- **Dataset content**
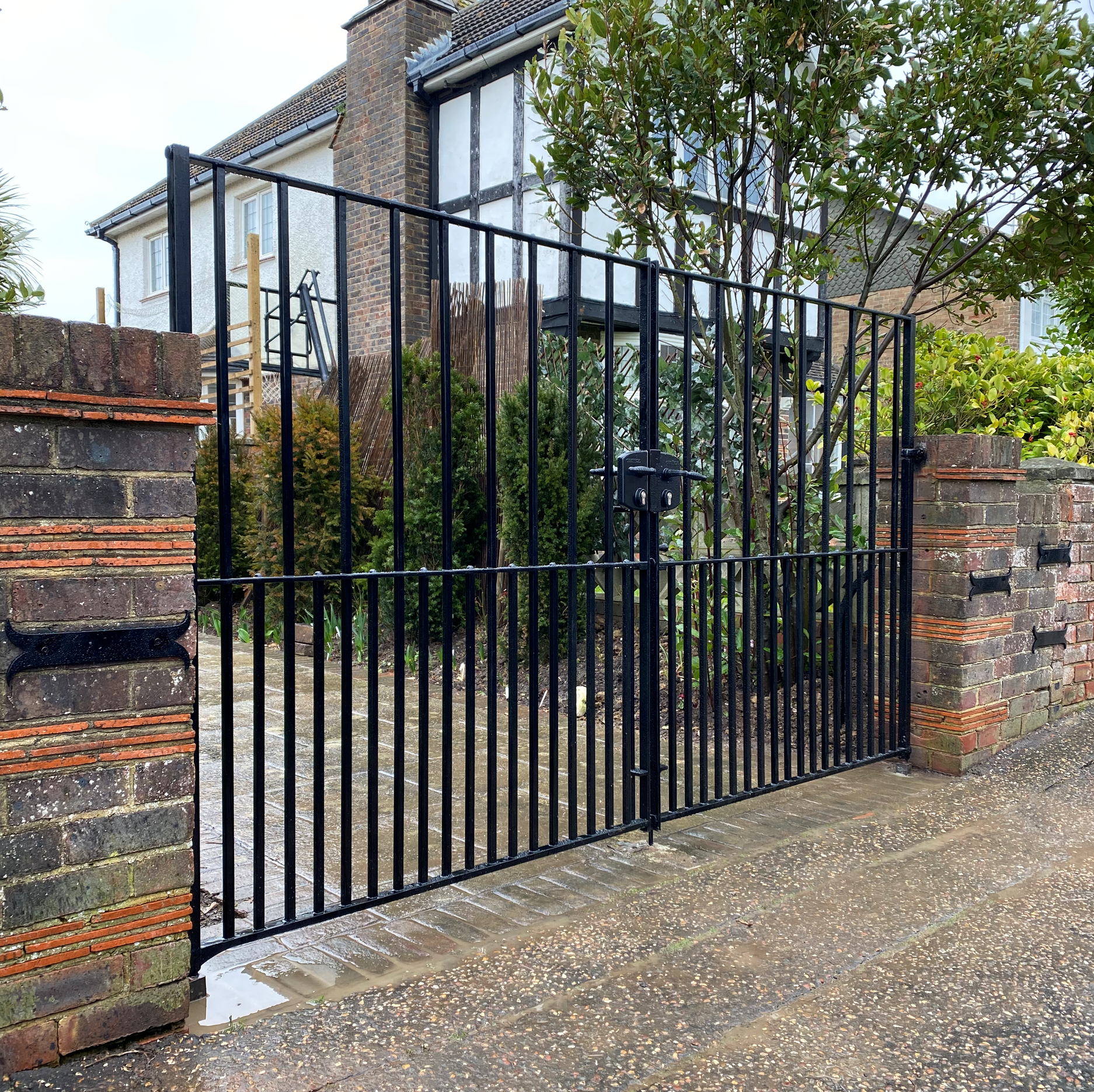 Double Gate - Side view (right way up).png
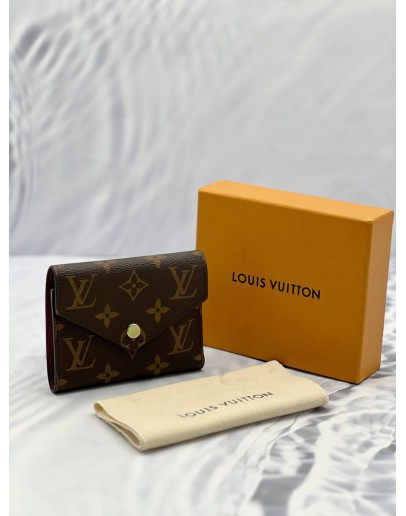 (LIKE NEW) LOUIS VUITTON VICTORINE WALLLET IN MONOGRAM CANVAS -FULL SET-
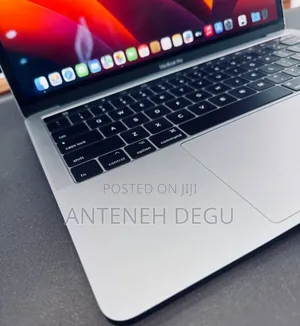 New Laptop Apple MacBook Pro 2017 8GB Intel Core I5 SSD 256GB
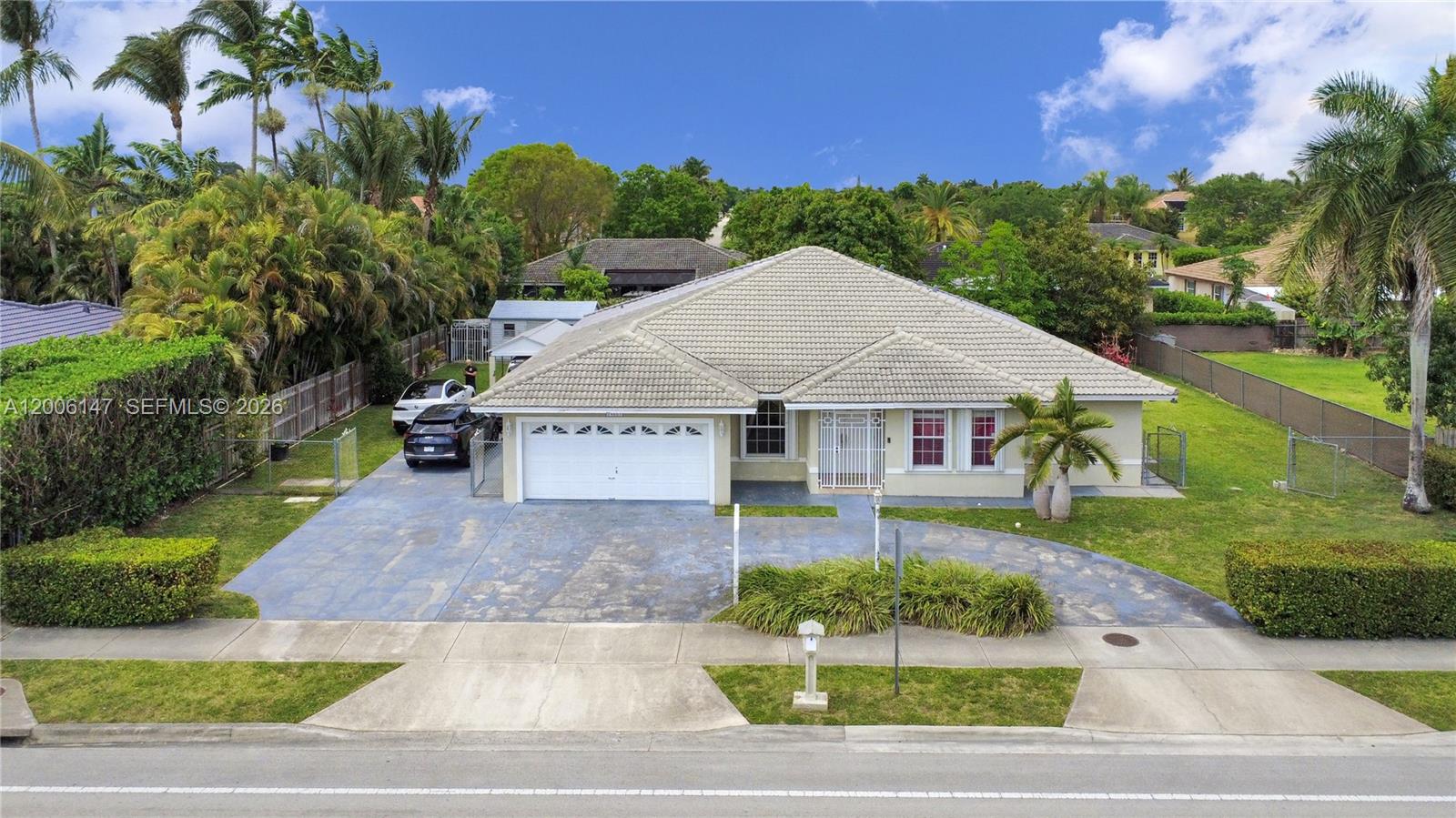 LANDING SOUTH - Residential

- **Exercise directions**
Exact transcription of the full listing above is required; images do not belong in it.

- **Exercise answer**
 Double Gate - Side view (right way up).png
 (LIKE NEW) LOUIS VUITTON VICTORINE WALLLET IN MONOGRAM CANVAS -FULL SET-
 New Laptop Apple MacBook Pro 2017 8GB Intel Core I5 SSD 256GB
 LANDING SOUTH - Residential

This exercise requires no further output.